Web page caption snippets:
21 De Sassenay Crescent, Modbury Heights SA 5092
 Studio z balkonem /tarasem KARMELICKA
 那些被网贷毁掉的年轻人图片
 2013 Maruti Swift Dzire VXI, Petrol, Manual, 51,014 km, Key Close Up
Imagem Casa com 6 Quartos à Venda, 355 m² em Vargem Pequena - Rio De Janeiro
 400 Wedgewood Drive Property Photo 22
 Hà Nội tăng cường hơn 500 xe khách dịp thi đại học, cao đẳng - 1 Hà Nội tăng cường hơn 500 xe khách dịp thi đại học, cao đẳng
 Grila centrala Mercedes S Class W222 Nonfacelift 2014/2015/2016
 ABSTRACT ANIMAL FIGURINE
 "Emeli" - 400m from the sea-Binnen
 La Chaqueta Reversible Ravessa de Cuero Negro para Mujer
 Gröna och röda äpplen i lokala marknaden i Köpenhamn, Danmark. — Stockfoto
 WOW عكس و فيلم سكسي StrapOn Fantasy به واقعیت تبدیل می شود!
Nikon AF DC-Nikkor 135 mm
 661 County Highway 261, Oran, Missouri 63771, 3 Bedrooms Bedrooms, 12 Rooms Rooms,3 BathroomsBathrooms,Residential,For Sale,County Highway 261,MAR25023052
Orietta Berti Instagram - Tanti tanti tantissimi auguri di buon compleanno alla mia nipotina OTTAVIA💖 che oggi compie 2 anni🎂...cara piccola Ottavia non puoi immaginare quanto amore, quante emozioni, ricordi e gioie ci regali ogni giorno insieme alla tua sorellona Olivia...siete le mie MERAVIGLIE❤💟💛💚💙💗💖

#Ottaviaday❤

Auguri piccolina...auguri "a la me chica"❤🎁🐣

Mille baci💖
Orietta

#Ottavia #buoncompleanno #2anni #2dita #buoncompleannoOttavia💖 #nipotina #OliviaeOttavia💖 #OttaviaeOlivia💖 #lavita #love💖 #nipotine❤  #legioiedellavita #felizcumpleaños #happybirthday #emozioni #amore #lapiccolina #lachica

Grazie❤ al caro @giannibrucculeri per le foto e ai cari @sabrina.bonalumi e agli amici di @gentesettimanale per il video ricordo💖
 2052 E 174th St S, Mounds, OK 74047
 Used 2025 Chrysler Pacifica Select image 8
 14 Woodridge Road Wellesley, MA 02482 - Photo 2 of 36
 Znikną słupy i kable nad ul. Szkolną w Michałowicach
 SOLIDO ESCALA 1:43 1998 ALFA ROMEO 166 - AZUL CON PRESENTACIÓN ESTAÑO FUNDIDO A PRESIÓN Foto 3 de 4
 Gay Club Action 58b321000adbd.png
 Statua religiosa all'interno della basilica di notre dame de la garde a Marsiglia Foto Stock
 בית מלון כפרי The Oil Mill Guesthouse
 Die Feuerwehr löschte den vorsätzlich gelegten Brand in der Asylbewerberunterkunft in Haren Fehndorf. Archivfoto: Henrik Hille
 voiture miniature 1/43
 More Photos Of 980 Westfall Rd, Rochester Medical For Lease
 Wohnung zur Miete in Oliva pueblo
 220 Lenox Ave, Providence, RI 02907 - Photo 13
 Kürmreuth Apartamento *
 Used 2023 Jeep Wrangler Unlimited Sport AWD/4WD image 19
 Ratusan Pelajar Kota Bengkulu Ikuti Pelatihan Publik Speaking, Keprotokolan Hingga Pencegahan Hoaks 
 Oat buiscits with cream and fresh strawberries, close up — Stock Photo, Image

> **What you will do**: Check each line above for "Used" and please state only how many have it.

> **Exercise response**: 2